Dès l’année suivante, la Galerie nationale du Canada (aujourd’hui le Musée des beaux-arts du Canada) organise une exposition commémorative, qui circulera dans neuf villes canadiennes durant une période de seize mois. A. Y. Jackson (1882-1974) rédige le texte du catalogue et Anne Savage (1896-1971) prononce l’allocution lors du vernissage au Musée des beaux-arts de Montréal le 13 mai 1948. Dans son message, elle dit : « Depuis l’époque de J. W. Morrice (1865-1924), aucun Montréalais n’a apporté une telle renommée à sa ville d’origine, et jamais une telle contribution n’a été faite par une femme. »
Redécouverte
Prudence Heward est l’une des premières femmes artistes du Canada à être redécouverte dans les années 1970 et 1980 par les historiennes de l’art féministes qui montent des expositions et écrivent sur les femmes artistes renommées et respectées de leur vivant, mais n’ayant pas encore fait l’objet de recherches sérieuses.
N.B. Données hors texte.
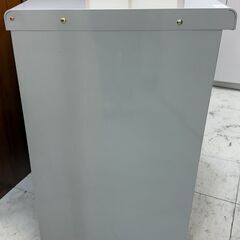 ✨️ジモティー割引✨️【ジャングルジャングル堺初芝店】　書庫　鍵付き　幅(W)805mm × 奥行(D)502mm × 高さ(H)810mm　堺市（東区　西区　北区　南区　堺区　美原区）高石市　泉大津市　忠岡町　和泉市　松原市　大阪狭山市の画像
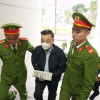 Hình ảnh “ông chủ” Việt Á và hai cựu Bộ trưởng bị dẫn giải tới tòa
En 1975, les historiennes de l’art Dorothy Farr et Natalie Luckyj organisent l’exposition From Women’s Eyes: Women Painters in Canada au Agnes Etherington Art Centre de Kingston en Ontario. En 1986, Natalie Luckyj monte au même endroit L’expression d’une volonté : l’art de Prudence Heward. Grâce en grande partie à ces expositions féministes et aux catalogues qui les accompagnent, Prudence Heward est maintenant reconnue de plein droit comme une artiste moderniste du début du vingtième siècle et sa peinture attire encore l’attention des historiens de l’art intéressés non seulement à l’art canadien, mais aussi aux questions de classe sociale, de sexe et de race.